** WHAT YOU NEED TO DO **
Restate all the data word for word and omit the pictures.

** MATERIAL SUPPLIED **
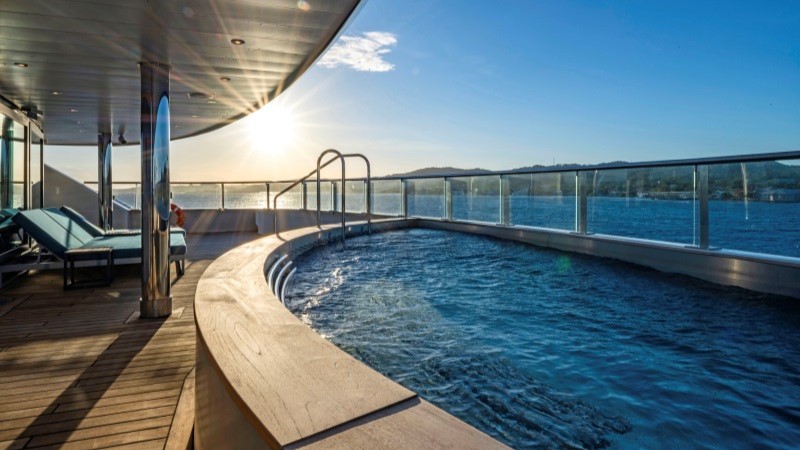 piscinas vitality pools cruzeiro de luxo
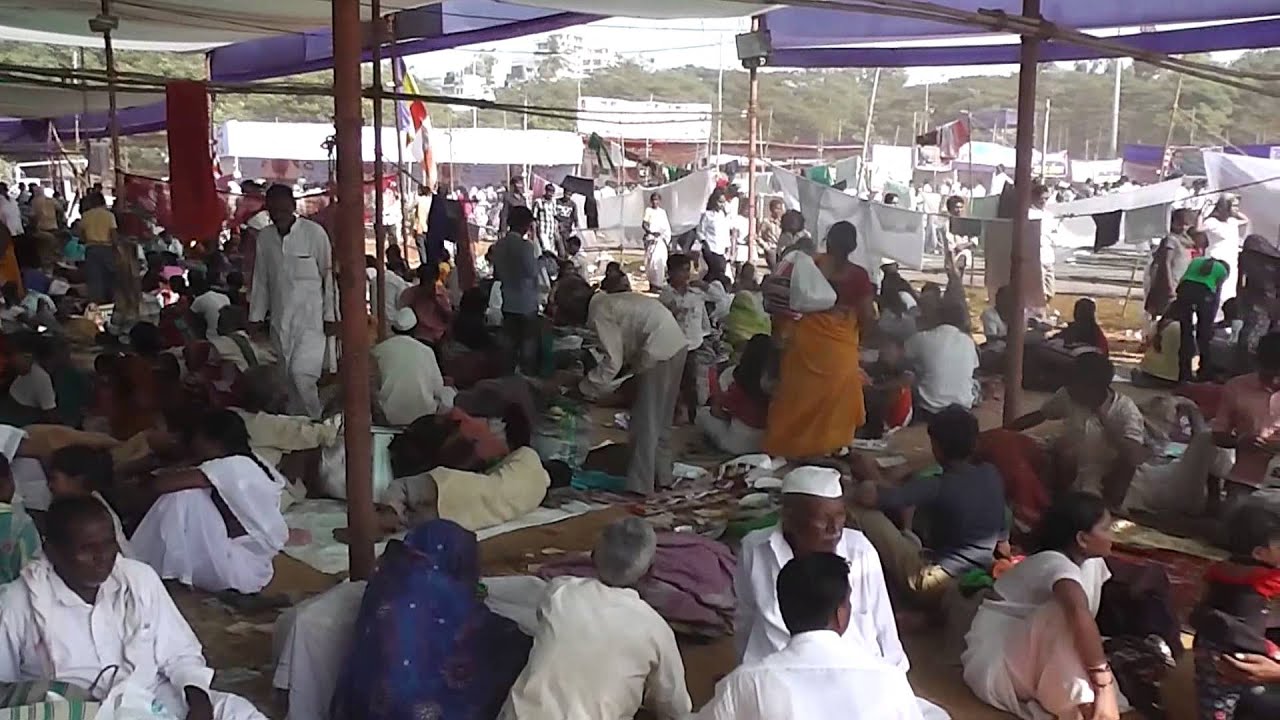 Chaitya Bhumi 2013: The crowd visiting Ambedkar's Monument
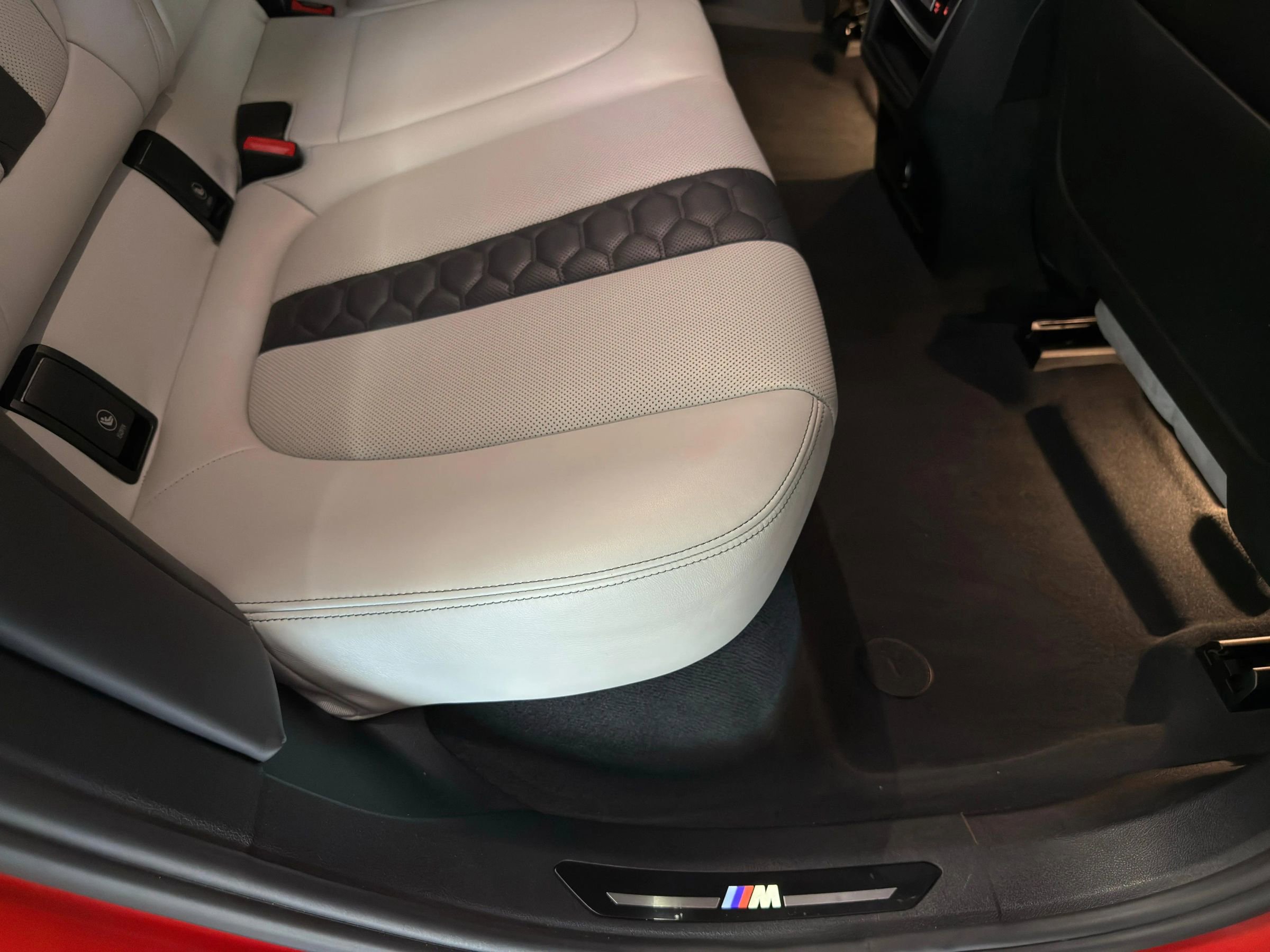 Used 2020 BMW X6 M Competition w/ Executive Package image 17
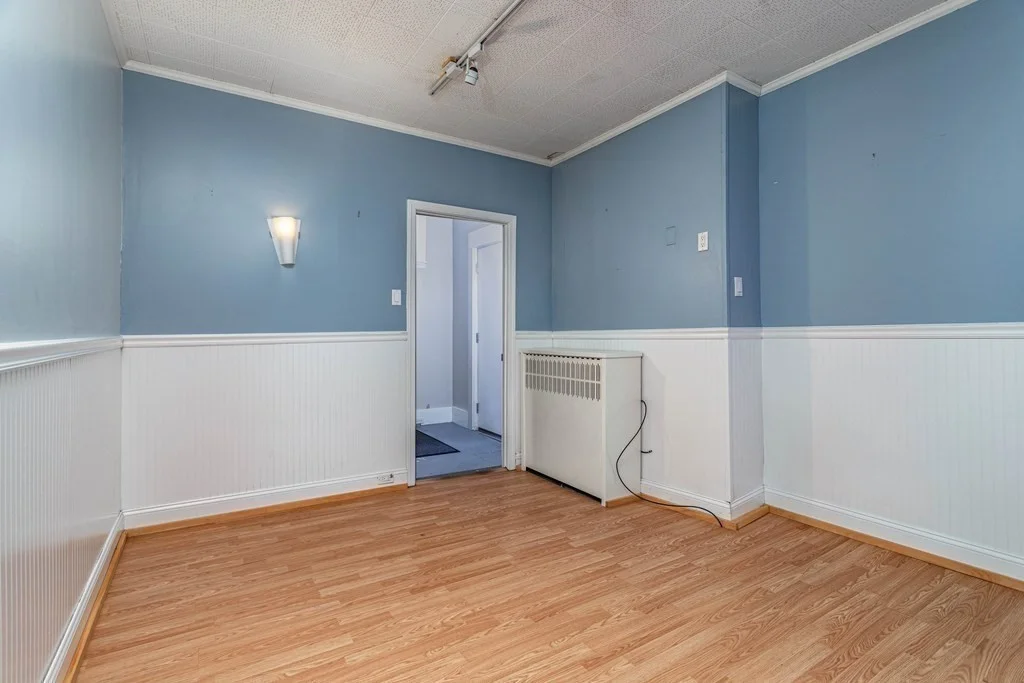 886 Main St, Fitchburg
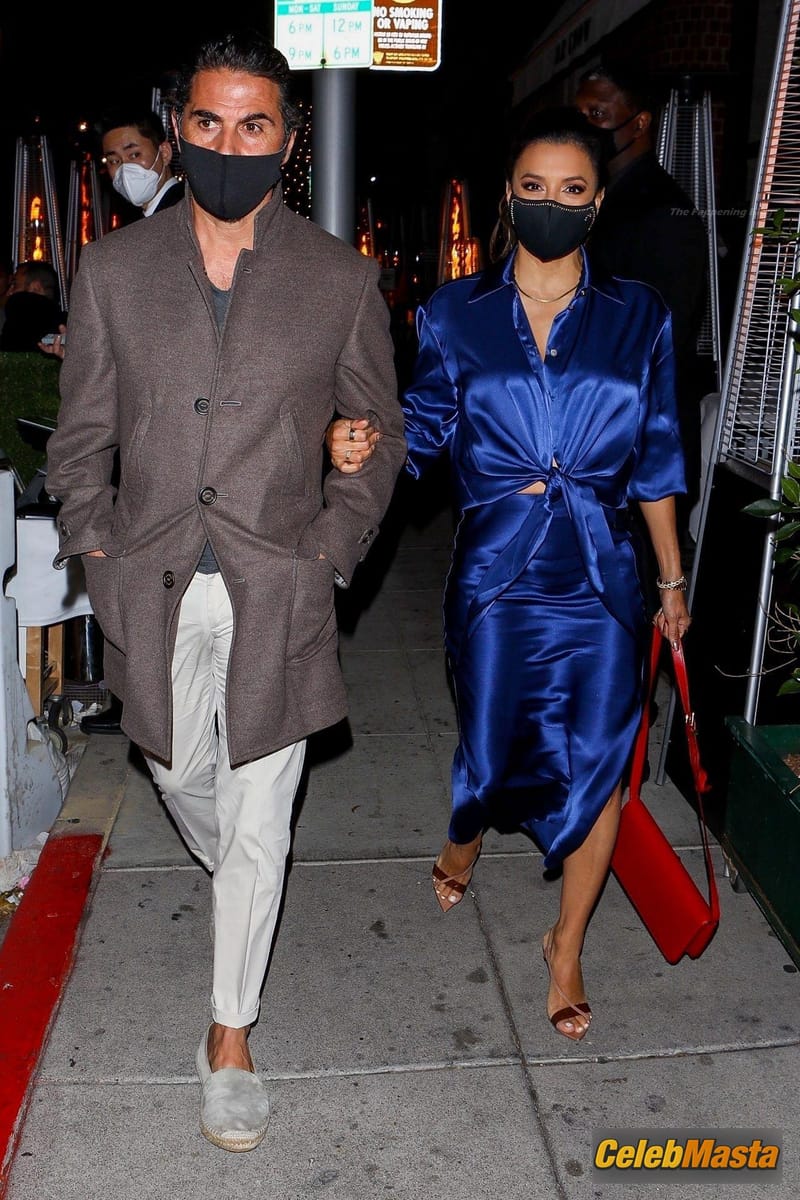 Eva Longoria Sexy Goes Out For Dinner With Jose Baston At Mr Chow In Beverly Hills Photo Gallery photo 2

** SOLUTION **
 piscinas vitality pools cruzeiro de luxo
 Chaitya Bhumi 2013: The crowd visiting Ambedkar's Monument
 Used 2020 BMW X6 M Competition w/ Executive Package image 17
 886 Main St, Fitchburg
 Eva Longoria Sexy Goes Out For Dinner With Jose Baston At Mr Chow In Beverly Hills Photo Gallery photo 2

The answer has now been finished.